(Assignment)
If a line below contains the string "фото", return that line.

START Entries provided

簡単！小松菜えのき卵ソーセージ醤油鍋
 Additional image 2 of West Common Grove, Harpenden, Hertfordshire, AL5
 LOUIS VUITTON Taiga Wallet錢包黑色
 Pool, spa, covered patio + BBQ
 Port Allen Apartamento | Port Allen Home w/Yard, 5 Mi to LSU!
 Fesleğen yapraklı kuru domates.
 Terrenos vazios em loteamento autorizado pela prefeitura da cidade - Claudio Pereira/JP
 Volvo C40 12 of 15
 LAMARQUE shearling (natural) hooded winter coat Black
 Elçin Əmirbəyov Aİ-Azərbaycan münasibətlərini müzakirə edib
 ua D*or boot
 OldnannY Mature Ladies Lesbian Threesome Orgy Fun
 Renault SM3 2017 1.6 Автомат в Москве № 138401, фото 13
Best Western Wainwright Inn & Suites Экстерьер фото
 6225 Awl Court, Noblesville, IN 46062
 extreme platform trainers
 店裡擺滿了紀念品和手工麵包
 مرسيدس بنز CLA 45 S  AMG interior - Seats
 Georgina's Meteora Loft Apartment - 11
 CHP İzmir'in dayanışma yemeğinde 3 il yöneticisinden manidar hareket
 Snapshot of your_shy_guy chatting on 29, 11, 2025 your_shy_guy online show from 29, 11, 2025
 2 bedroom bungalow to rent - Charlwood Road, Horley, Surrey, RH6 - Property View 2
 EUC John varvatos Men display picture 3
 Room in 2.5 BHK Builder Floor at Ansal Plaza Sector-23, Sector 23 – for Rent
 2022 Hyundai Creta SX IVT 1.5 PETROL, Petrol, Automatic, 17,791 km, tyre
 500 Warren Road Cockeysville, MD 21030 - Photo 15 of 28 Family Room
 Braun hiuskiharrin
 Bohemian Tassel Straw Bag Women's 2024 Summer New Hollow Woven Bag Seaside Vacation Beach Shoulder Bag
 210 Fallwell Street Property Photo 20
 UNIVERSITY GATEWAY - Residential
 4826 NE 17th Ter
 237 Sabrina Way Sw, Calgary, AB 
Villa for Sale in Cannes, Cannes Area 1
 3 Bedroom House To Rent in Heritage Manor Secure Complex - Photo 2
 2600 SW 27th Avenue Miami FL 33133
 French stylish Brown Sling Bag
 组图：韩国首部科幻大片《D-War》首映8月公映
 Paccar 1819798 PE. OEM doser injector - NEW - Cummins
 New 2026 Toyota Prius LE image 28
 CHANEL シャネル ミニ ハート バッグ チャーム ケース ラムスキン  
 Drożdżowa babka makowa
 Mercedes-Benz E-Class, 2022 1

END Entries provided

(Exercise output)
 Renault SM3 2017 1.6 Автомат в Москве № 138401, фото 13
Best Western Wainwright Inn & Suites Экстерьер фото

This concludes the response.